It's the same business model as the Better Business Bureau and Yelp. It's a manufactured perspective.

As a devil's advocate, how can a company expect to be viewed impartially if the only folks who review them have tempers raged enough to motivate them to leave a poor review in the first place? How can I, a potential employee, trust said-reviewer wasn't let go due to Silo'd mismanagement, personal issues or a company pivoting?

I'd rather a platform that lays out exactly what the working conditions would be for most folks. Time in/out of office, salary merit increases or profit-sharing, draconian work-attire policy, etc.


You need to leave a review if you want to access the data in the site. This motivates people to leave a (neutral) review.

So it is not all ranting, and I'd say most companies have good (realistic) scores and reviews


They don't check if you actually worked for the place reviewed. You can leave a review for any company to gain access. Sorry GameStop, for my neutral review even though I never worked there.


Remember: Reviews are written by the kind of people who write reviews


Or reviews are written mostly by people who had a bad experience yelp or glassdoor - same thing. Look at a few profiles. They have nothing but negative reviews.


Their policy on negative reviews seems pretty decent.

https://help.glassdoor.com/article/I-m-an-employer-What-can-...
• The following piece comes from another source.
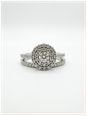 0.66ct Round Brilliant Natural Diamond 9ct White Gold Halo Cluster Ring & Matching Eternity Ring ES13788CA-9G14699W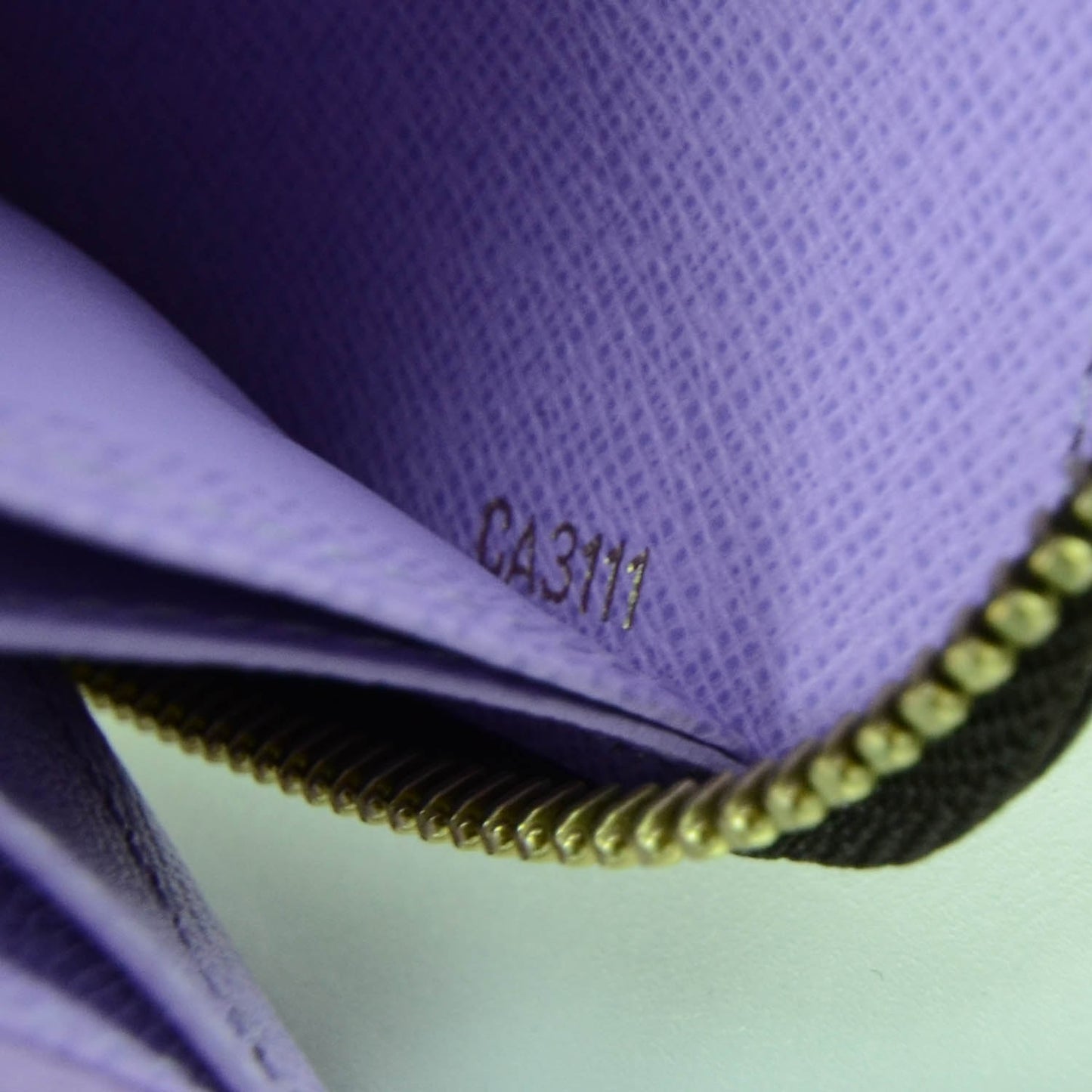 Damier Ebene Illustre Zippy Wallet Violet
Their Legal Action section sounds vaguely threatening.

> Also, if we feel strongly that your lawsuit is primarily intended to chill free speech, we may take extra steps to let the world know what you are up to.


"may" is such a weasel word.

If you're a cellular company, "may" means "will". "If you are in the higher tiers of data use, we may throttle your bandwidth".

If you're Glassdoor who sells reputation management and HR services to the very employers being reviewed, "may" means "we're paying lip service to our critics".


May throttle doesn't necessarily mean "will throttle." The company is giving itself the latitude not to throttle, or to not throttle exactly at the data cap.

In other words, you can't rely on that throttling if you're, say, connecting to some cloud service that's charging you by the gigabyte to transfer data.


No, it doesn't, canonically. But it equally can. Witness Verizon, throttling first responders in California wildfires. At 3.45am. Despite their verbiage about usage limits, above which "may be throttled depending on network capacity", it was obvious that after limit+1 bit, regardless of network capacity, you would be throttled, no ifs, buts or may(be)s.


I thought that too, except for this:

> Ask Your Employees to Leave More of Them. We encourage you to ask your employees to leave honest reviews on Glassdoor.

I personally see this as manipulating and watering down. It's not an ethical problem IMHO, but I'd rather hear from the people that were motivated enough by their love or hate to go out and leave a review. Also as an employee, I've had an employer ask me to leave an honest review, and there is no question in my mind what they really meant :-)


Previous employer (a large division of a very large software company) had signs up in our offices that actively encouraged reviews.

The selling point was that it would help make it easier to get quality coworkers. Kind of made sense, but it was still shady.


I wonder how it would change things if there was a question on the review, "were you asked by your employer to leave a review?"